== Work to complete ==
Copy exactly the lines of the material below that fall between the line with "At Saturn, 91" and the line with "Aircraft carriers are", both of those lines included; pictures stay out.

== Records to use ==
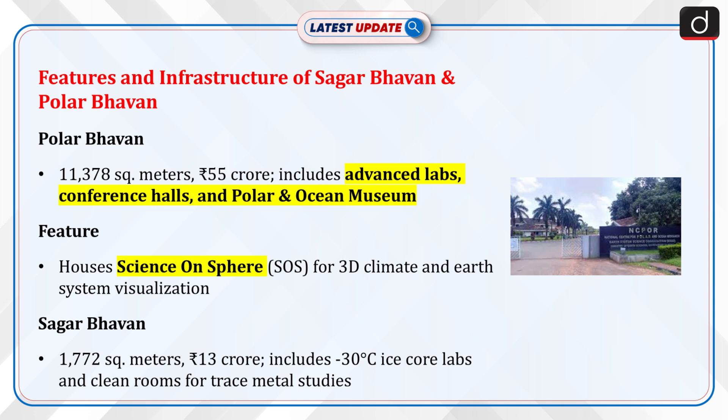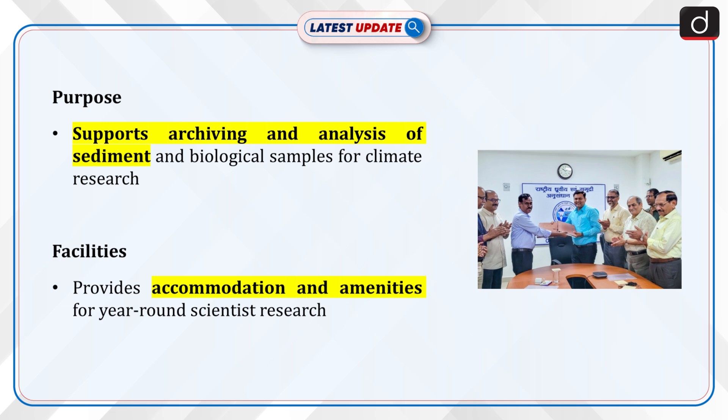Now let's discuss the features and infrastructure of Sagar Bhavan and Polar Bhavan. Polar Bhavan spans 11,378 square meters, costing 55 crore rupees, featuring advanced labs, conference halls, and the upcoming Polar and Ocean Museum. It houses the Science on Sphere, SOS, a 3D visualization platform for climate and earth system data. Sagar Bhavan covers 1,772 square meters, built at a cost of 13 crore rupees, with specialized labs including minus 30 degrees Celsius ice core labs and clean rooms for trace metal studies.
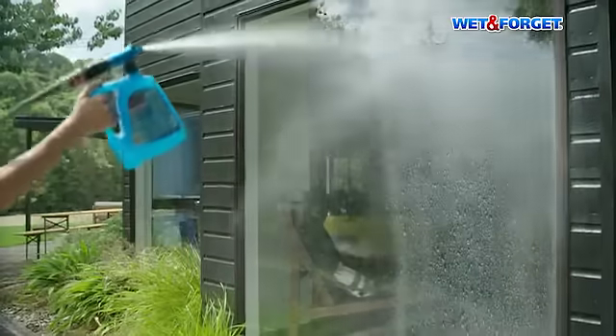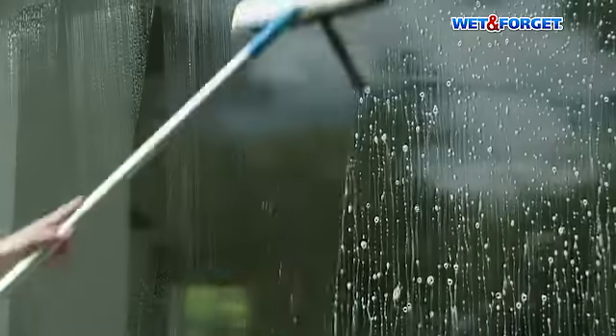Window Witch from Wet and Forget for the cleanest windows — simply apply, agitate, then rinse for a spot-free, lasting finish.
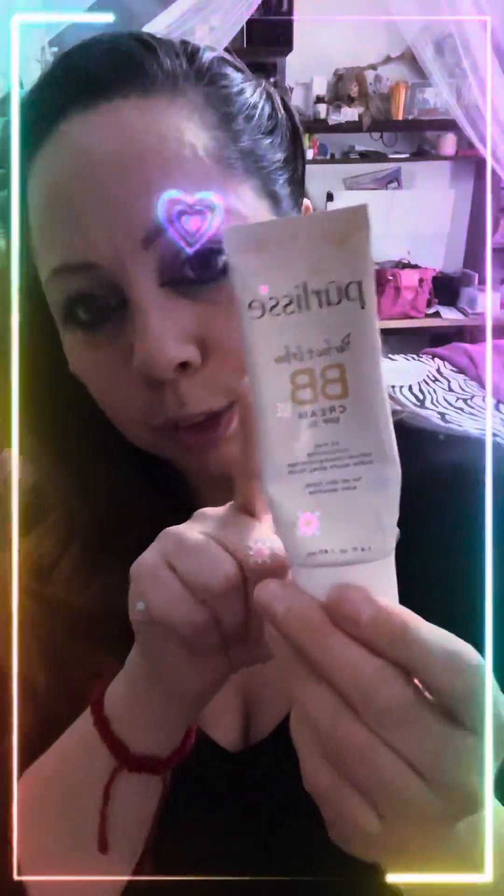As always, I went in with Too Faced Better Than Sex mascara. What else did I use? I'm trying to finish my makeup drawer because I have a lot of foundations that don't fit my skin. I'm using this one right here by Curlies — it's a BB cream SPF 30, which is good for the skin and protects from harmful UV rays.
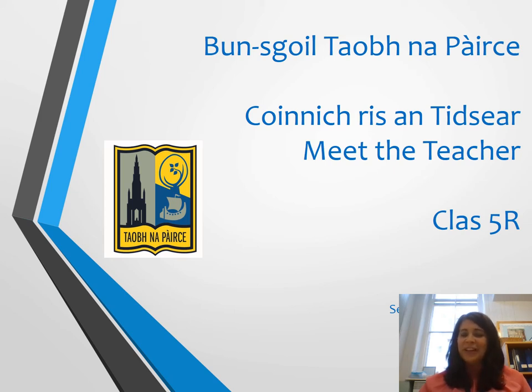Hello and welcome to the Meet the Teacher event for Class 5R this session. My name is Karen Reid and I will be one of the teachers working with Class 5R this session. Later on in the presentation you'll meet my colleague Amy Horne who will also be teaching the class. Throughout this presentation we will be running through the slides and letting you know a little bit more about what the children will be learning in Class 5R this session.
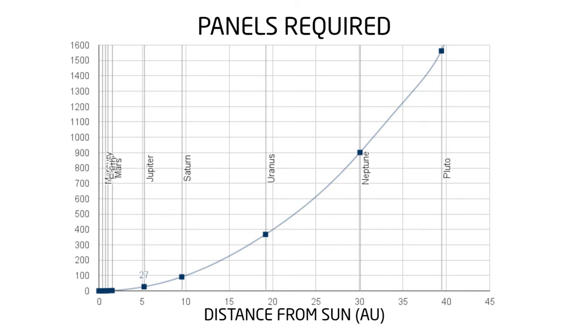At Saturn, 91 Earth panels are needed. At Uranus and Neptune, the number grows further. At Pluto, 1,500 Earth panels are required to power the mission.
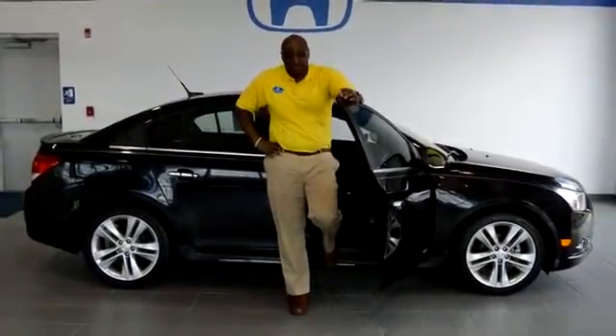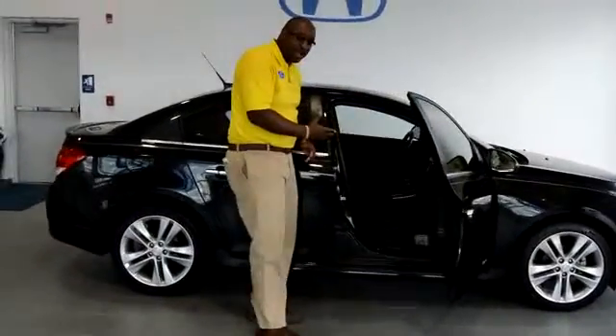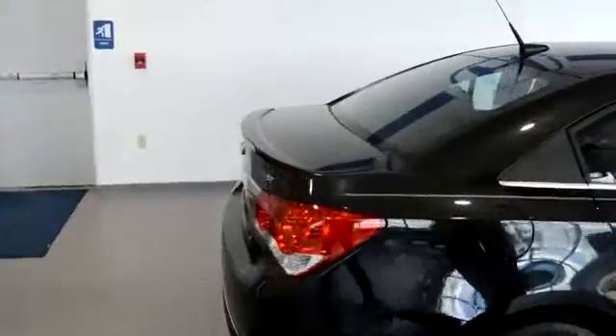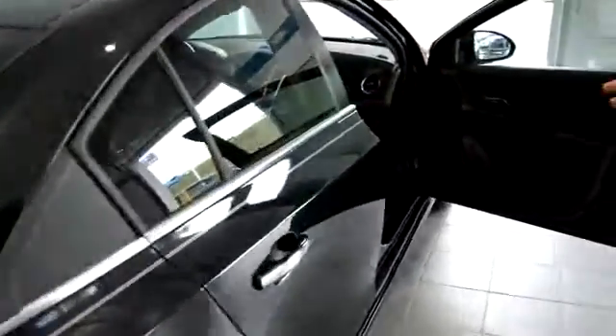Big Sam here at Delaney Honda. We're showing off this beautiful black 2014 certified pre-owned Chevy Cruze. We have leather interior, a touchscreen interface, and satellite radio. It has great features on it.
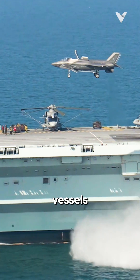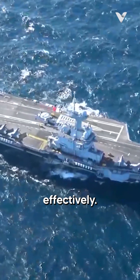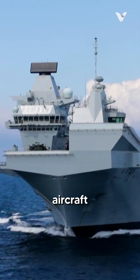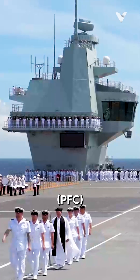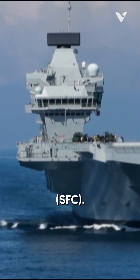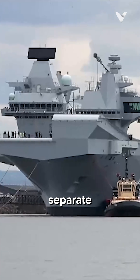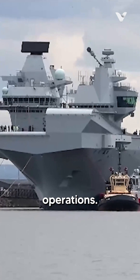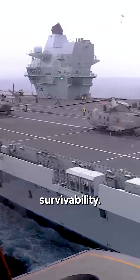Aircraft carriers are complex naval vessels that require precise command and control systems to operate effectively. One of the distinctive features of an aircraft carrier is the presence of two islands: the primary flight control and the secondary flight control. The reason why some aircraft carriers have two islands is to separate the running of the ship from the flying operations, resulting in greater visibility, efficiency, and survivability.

---

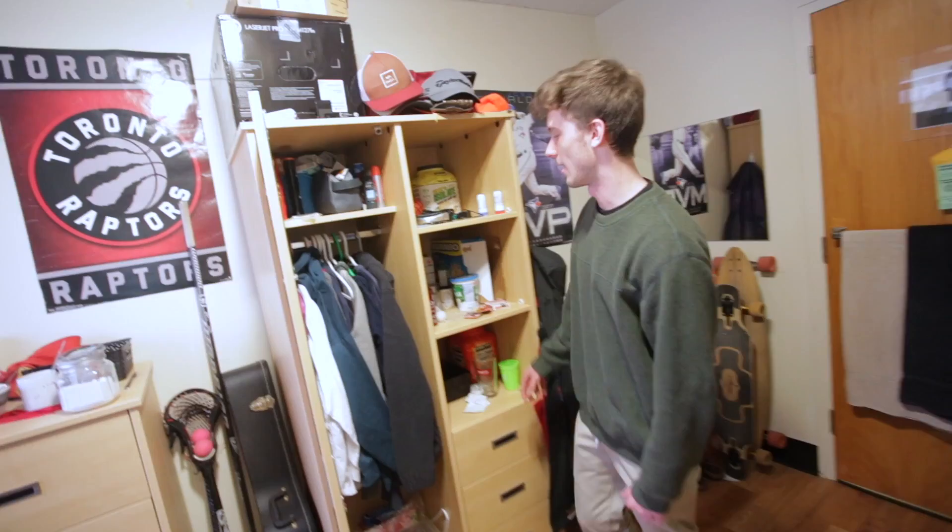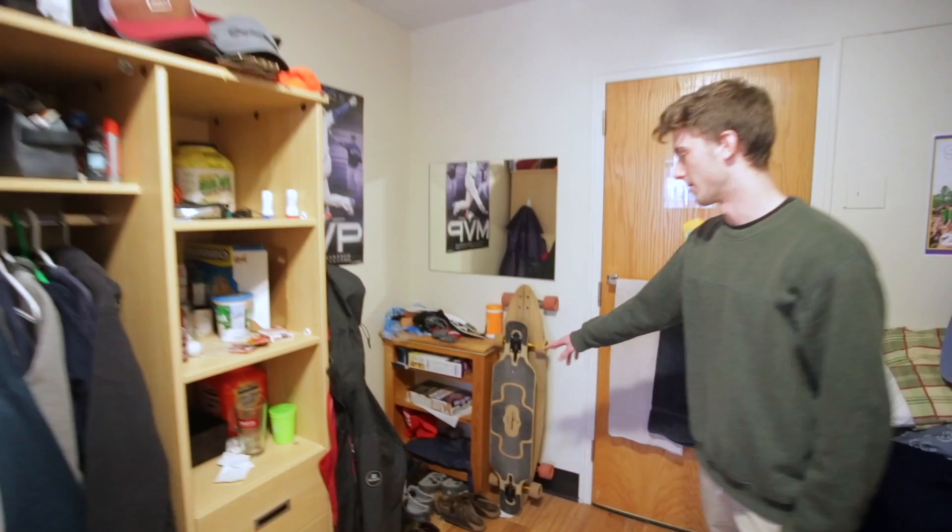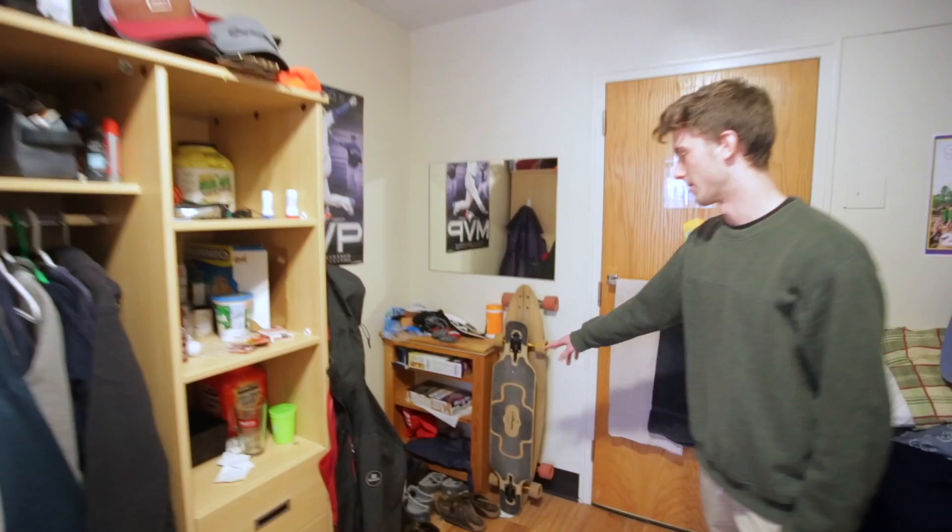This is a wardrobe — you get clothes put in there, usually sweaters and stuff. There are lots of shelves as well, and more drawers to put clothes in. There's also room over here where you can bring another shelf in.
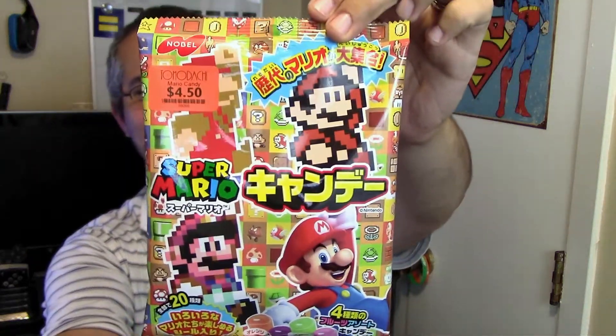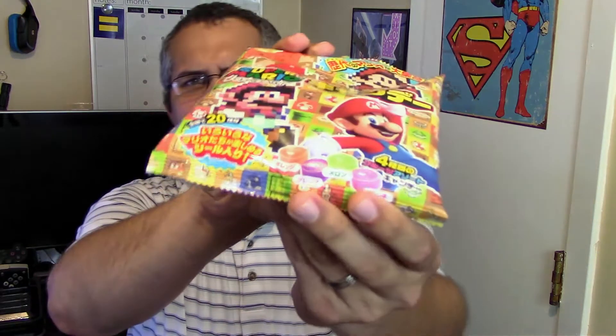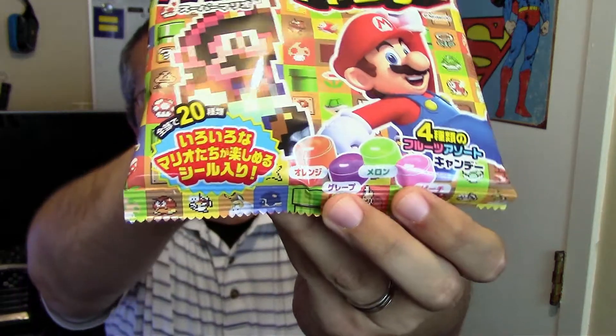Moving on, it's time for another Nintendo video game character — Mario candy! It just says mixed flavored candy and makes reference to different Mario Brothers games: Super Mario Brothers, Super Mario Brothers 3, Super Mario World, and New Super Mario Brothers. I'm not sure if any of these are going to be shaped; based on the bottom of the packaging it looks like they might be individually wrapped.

...

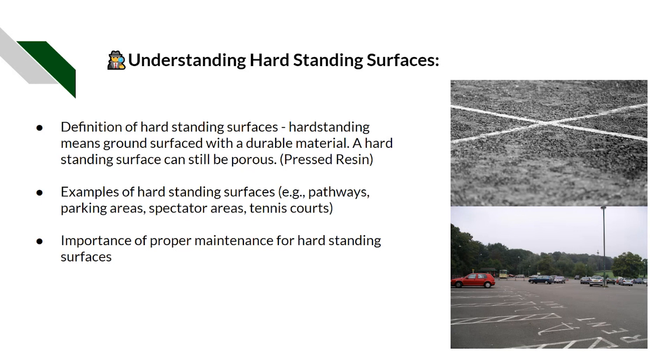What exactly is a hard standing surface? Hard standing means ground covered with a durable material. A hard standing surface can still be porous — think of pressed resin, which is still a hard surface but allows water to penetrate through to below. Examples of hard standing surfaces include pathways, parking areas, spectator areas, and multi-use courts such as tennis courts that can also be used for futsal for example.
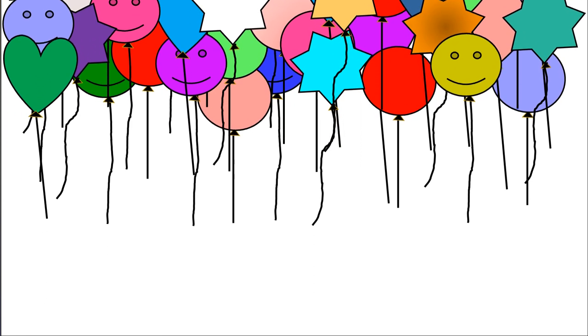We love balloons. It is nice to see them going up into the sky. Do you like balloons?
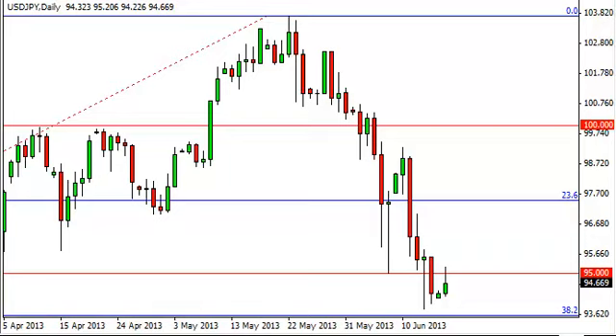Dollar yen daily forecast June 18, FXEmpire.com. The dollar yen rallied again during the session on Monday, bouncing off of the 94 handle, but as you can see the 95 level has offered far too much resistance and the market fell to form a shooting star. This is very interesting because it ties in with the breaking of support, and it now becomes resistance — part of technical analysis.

== Task output ==
At Saturn, 91 Earth panels are needed. At Uranus and Neptune, the number grows further. At Pluto, 1,500 Earth panels are required to power the mission.
Big Sam here at Delaney Honda. We're showing off this beautiful black 2014 certified pre-owned Chevy Cruze. We have leather interior, a touchscreen interface, and satellite radio. It has great features on it.
Aircraft carriers are complex naval vessels that require precise command and control systems to operate effectively. One of the distinctive features of an aircraft carrier is the presence of two islands: the primary flight control and the secondary flight control. The reason why some aircraft carriers have two islands is to separate the running of the ship from the flying operations, resulting in greater visibility, efficiency, and survivability.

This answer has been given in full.